Se você acha que os filmes de Dario Argento não possuem boas histórias ou que o roteiro de Suspíria não faz muito sentido, espere até ver esta Obra-Prima de um diretor sendento pela liberade de expressar sua insaninade repulsiva em um dos maiores cults do horror Gore. E quando falo de roteiro, spot ou script, que seja, aqui em Terror nas Trevas, me refiro à carência de preocupação em desenvolver a própria história, quase inexistente, devido ao fato de que Lucio Fulci está mais interessado em dar ao espectador a lembrança do seu próprio estilo, do seu próprio cinema. O que consequentemente, não é pra todos.

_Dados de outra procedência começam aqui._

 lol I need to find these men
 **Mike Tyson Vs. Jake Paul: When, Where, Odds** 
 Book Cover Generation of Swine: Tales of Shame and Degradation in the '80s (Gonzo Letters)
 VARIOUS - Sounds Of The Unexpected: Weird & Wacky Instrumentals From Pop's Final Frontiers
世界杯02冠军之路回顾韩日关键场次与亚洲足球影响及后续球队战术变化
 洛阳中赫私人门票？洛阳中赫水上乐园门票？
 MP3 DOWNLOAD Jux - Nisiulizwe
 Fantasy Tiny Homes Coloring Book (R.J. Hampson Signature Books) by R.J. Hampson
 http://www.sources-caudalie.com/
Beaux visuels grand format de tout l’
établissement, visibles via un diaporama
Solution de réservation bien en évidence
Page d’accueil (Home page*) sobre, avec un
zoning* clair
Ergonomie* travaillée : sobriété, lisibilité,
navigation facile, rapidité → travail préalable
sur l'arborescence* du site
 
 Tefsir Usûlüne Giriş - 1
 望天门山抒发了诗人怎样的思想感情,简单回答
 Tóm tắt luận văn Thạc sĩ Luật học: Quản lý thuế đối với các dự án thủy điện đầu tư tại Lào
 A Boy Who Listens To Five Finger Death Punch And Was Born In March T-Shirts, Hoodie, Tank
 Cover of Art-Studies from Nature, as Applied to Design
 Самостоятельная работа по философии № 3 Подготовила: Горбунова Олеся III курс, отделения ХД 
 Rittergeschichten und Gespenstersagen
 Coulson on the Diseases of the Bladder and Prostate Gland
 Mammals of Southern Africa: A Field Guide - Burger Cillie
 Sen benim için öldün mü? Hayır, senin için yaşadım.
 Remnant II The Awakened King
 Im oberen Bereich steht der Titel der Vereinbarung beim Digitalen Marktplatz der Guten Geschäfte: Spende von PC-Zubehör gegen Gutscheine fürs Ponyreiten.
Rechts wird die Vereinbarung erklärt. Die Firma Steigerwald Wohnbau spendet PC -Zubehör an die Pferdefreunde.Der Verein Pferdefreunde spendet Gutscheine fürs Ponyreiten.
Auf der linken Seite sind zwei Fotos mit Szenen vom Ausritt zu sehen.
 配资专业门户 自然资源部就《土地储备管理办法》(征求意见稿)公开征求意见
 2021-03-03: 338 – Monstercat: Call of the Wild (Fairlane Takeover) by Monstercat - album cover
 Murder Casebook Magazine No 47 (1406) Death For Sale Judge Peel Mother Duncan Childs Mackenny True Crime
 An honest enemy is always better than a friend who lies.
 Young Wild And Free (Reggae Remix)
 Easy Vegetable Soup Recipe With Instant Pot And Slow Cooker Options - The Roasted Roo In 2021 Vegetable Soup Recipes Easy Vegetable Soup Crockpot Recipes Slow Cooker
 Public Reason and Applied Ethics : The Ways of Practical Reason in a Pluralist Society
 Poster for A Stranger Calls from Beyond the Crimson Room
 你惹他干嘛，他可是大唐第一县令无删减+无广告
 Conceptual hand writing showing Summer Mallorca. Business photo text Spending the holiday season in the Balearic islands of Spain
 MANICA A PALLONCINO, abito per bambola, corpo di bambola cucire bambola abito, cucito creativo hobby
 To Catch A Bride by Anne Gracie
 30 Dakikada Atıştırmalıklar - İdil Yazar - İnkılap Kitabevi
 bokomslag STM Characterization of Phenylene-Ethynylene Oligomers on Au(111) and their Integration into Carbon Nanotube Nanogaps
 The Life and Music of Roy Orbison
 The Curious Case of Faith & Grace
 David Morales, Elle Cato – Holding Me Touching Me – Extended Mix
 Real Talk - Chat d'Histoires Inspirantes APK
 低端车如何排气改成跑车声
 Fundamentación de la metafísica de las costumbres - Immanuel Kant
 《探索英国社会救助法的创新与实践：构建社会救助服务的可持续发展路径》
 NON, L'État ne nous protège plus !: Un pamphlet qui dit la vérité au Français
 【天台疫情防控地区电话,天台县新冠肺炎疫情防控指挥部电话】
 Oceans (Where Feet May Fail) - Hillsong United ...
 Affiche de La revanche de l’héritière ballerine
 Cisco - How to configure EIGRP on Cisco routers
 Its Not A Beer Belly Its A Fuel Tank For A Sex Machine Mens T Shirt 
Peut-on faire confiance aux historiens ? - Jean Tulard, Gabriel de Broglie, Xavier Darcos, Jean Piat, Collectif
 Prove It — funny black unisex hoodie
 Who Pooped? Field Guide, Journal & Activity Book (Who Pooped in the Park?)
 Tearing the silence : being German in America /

Fulci inicia o filme, sem apresentações, com um prólogo sufocante, macabro e grotesco, numa linda fotografia caprichada com o tom sépia, trazendo para os desavisados a atmosfera que seria constante no decorrer do filme. Trata-se da morte de um bruxo pelas mãos de homens aparentemente ameçados pelas forças sobrenaturais que o cercam. Mas não teve jeito. Aquela caverna era uma das sete portas para o inferno que será aberta 50 anos depois pela herdeira do local que o reformará para a construção de um hotel. A história gera calafrios, principalmente em função dos personagens esquesitos e calados, Martha e Arthur. Mas que é basicamente uma desculpa para Fulci encadear uma série de imagens fantásticas e frequentemente sangrenta.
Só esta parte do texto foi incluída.